NEKI: It’s a burden. 🙂
NESA: At one end, there are large and small companies that don’t want to pay anything for the translation, if possible, and at the other end, there are translation companies wishing to pay low rates to their translators. In such an environment, there are many freelance translators working by their own choice or because they have to, who are devoid of their social rights. Young people in particular should be aware of the future negative effects of this.
PIŞE: Turkey is already a challenging country in general and particularly in economic terms; the struggle to support a family just with translation is highly challenging. In addition, we still lack the awareness that speaking a language is not enough to be a translator. However, another fact is that the education level, culture, world view, objectives and expectations of the community engaged in translation (at least the one I’m in cooperation with) is – on average – at a different level than the rest of Turkey. That’s why I sometimes feel that I’m free from problems that make me sad and worried, such as lack of education, ignorance, lack of intelligence, and easily being misdirected and deviating from the truth, and I feel like I am a part of the ‘happy minority’.
SEAL: It’s a very hard and underappreciated profession, and sometimes it’s not even accepted as a profession.
6. Are there any factors that prevent you from improving in your profession? If you were to sort these factors starting from the most important, what would you say?
*The translation curriculum offered by universities is based on theoretical learning, and know-how based education towards professional life is not provided by educational institutions.
NESA: Modern Turkish is inadequate to provide equivalents for certain terms and sometimes we’re left helpless as old Turkish is not in use. For example, using “gerçekleştirme” for many terms. It’s a challenge to find sufficient resources.
PIŞE: Classic problems such as everyday chaos, time constraints, busy times, etc.

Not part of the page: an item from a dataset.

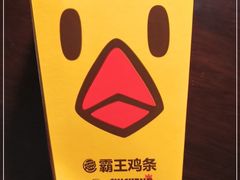-汉堡王(华发中央公园店)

SEAL: I think the most important one is time; deadlines are very tight and we have to deliver the translation before it settles.
7. How is it possible to enhance and improve the translation profession?

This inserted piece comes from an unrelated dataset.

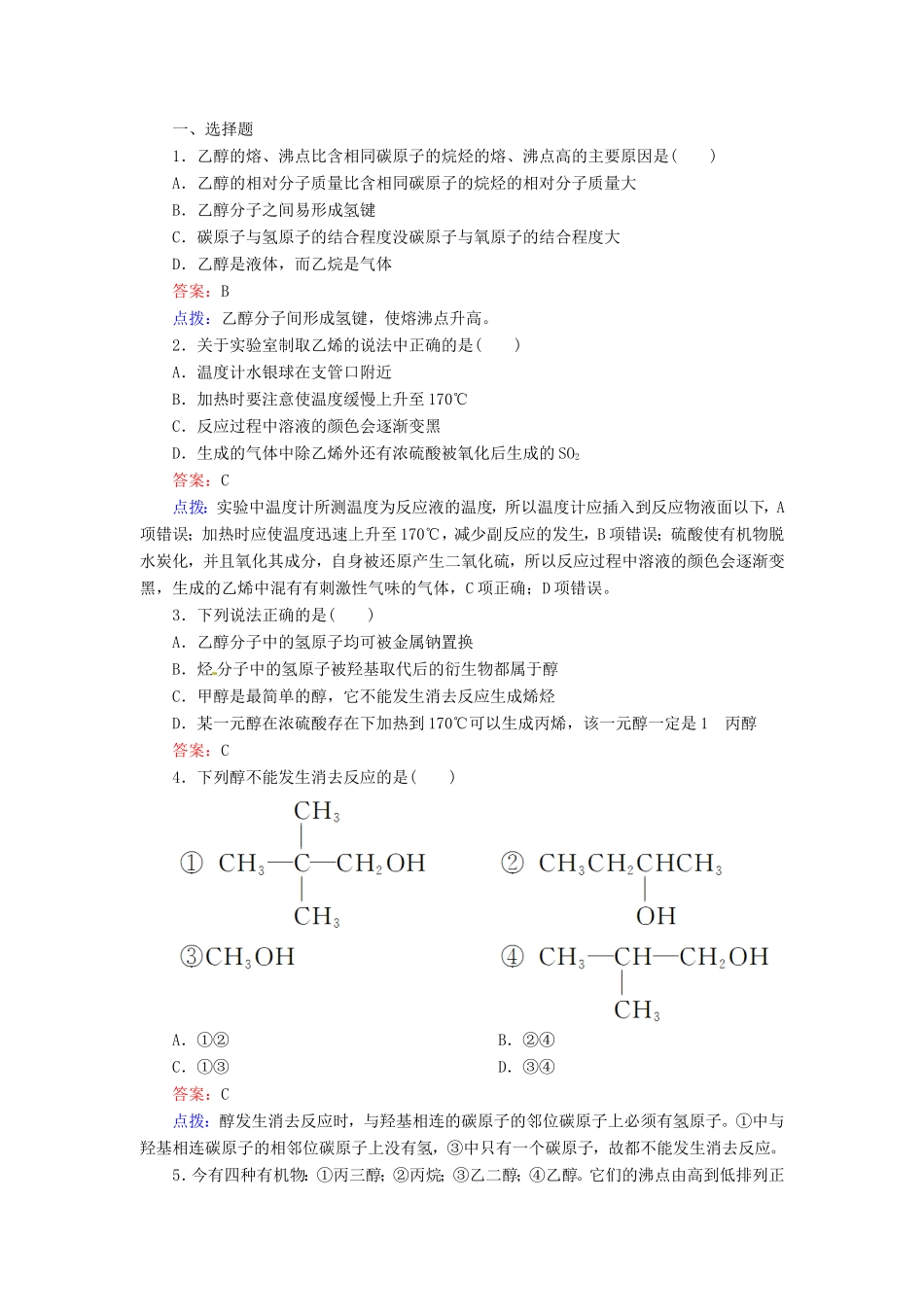 高中化学 3-1-1醇同步精炼系列 新人教版选修5_第1页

BUAK: Translation has existed since ancient times and made great contributions to the advancement of humanity. Today, it’s widely perceived as a mechanical job; but even the most technical text requires the touch of a translator. Of course, CAT Tools should be developed and improved; however it’s also very important to improve the working conditions of translators, train them in their fields and enable them to get support from experts in the field during the translation process.

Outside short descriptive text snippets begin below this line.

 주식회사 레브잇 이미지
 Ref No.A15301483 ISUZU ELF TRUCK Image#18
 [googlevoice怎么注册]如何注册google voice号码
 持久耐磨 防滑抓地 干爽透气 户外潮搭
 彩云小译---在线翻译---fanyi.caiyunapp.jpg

NESA: As the demand from companies for quality in localization/translation increases, the translation services provided will also improve.
PIŞE: In-house, on-the-job trainings are very useful for the development of translators. One of the translation companies I worked for provided both collective and one-to-one trainings carried out by an American editor for a year, and I can say that it really helped me to go on to the next level.
SEAL: Workshops in various fields including legal translation, patent translation, etc. Also, chat sessions/courses where experienced translators can meet beginners; however in this case, there is the risk that the experienced translator will advise the beginner to give up at the very beginning. 🙂 And most importantly, to create an opportunity to read in the source/target text.